**Try it:** Below is a listing with pictures in it; transcribe exactly the lines from the one that has "Marmaris’te iki ayrı" through the one that has "AVIGYA PEACH PINK", and omit those pictures.

***** Task input *****

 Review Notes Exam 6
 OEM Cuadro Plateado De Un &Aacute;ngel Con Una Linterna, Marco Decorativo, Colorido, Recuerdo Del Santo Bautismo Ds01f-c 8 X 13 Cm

*****
***** Task input *****

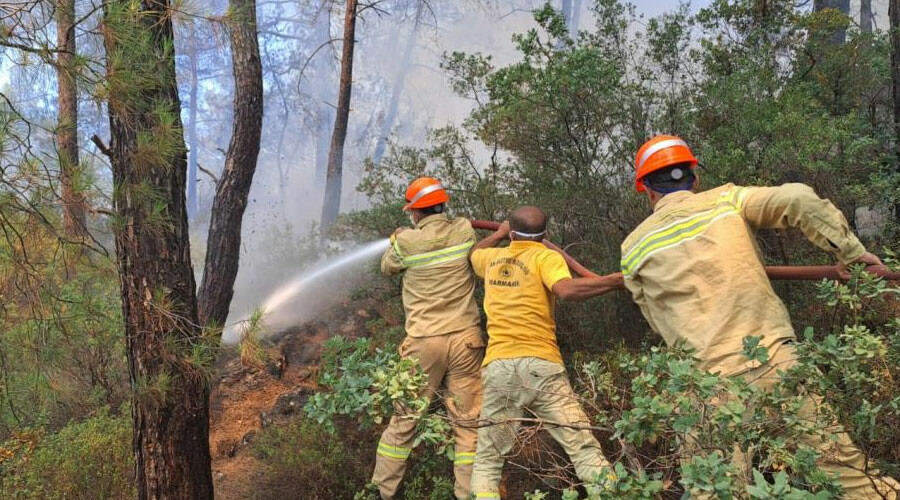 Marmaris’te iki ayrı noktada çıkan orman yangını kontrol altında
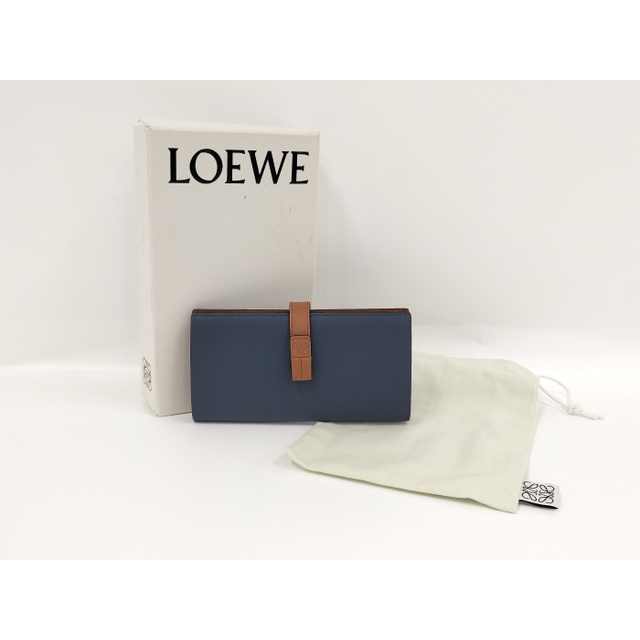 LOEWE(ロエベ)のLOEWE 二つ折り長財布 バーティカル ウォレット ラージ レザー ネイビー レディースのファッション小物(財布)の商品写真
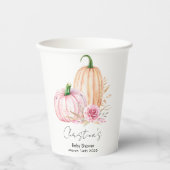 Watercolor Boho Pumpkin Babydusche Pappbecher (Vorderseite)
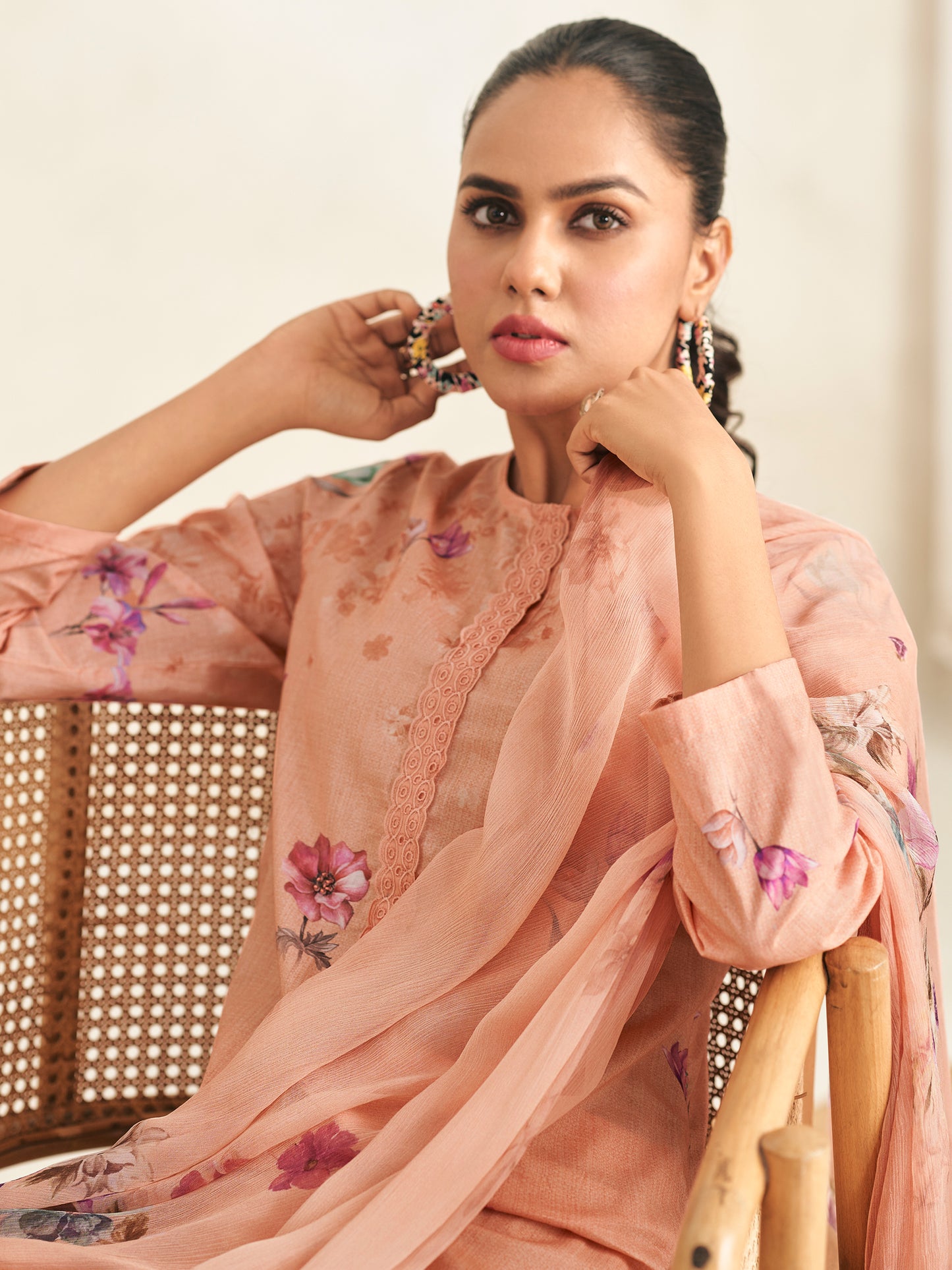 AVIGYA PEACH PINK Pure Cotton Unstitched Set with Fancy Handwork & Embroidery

*****
***** Task input *****

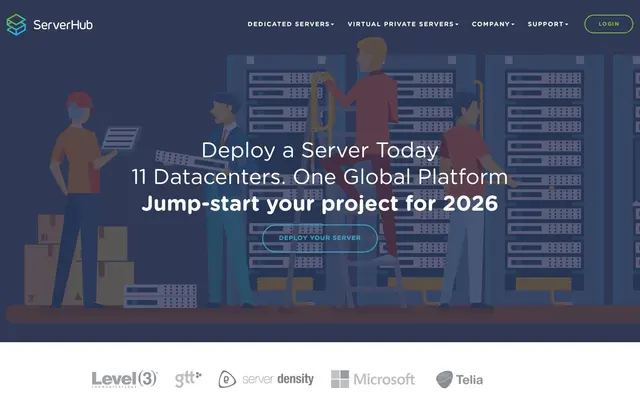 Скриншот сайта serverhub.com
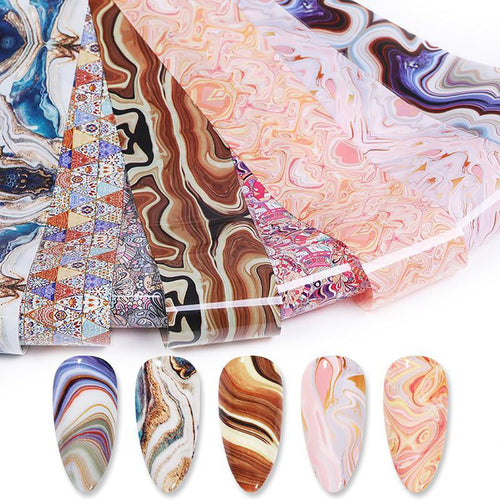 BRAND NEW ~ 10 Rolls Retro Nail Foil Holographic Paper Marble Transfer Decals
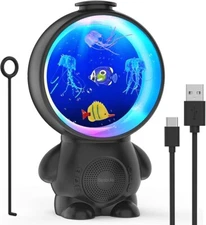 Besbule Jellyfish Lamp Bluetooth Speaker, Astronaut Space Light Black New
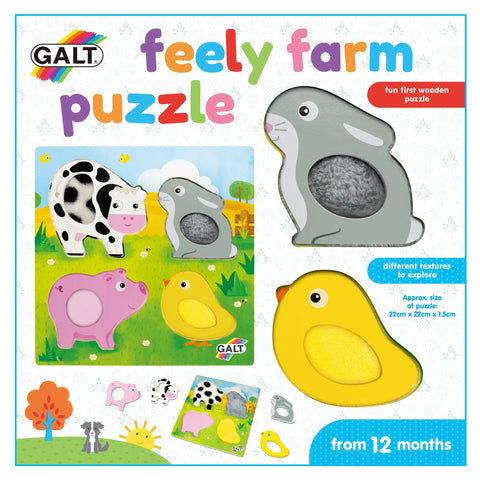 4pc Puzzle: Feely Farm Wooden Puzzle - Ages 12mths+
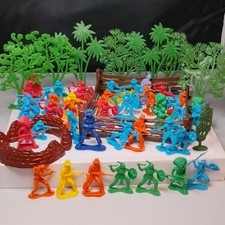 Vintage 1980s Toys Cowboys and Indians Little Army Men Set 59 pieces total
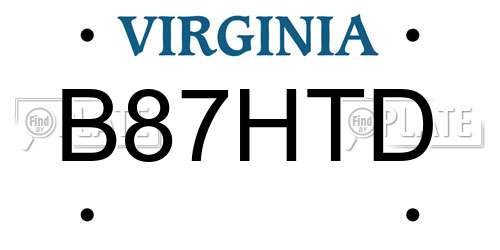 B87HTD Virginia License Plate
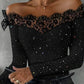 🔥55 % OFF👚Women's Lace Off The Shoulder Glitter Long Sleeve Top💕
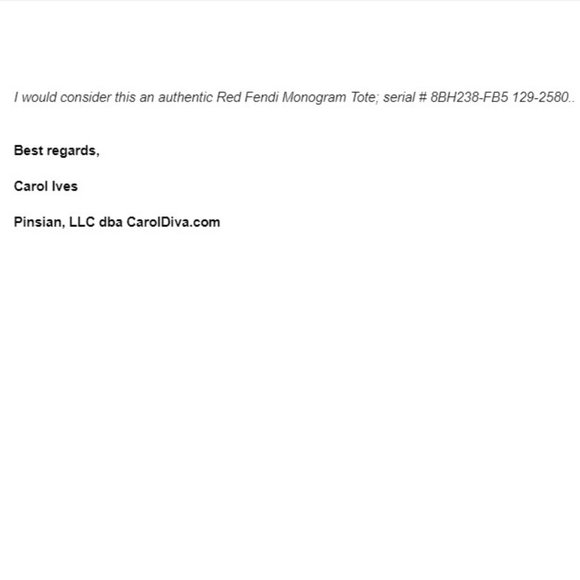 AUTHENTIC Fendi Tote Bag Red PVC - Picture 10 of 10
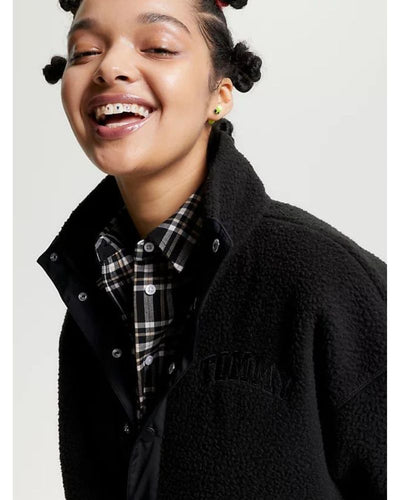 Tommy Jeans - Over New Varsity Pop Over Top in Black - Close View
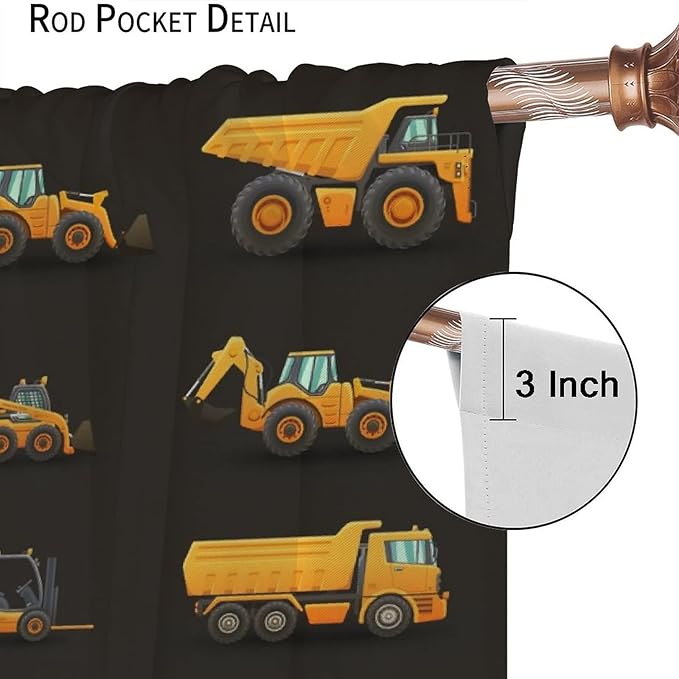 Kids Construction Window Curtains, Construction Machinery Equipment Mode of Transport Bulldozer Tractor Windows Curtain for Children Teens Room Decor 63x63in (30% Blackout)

*****

**Exercise response:**
 Marmaris’te iki ayrı noktada çıkan orman yangını kontrol altında
 LOEWE(ロエベ)のLOEWE 二つ折り長財布 バーティカル ウォレット ラージ レザー ネイビー レディースのファッション小物(財布)の商品写真
 Watercolor Boho Pumpkin Babydusche Pappbecher (Vorderseite)
 AVIGYA PEACH PINK Pure Cotton Unstitched Set with Fancy Handwork & Embroidery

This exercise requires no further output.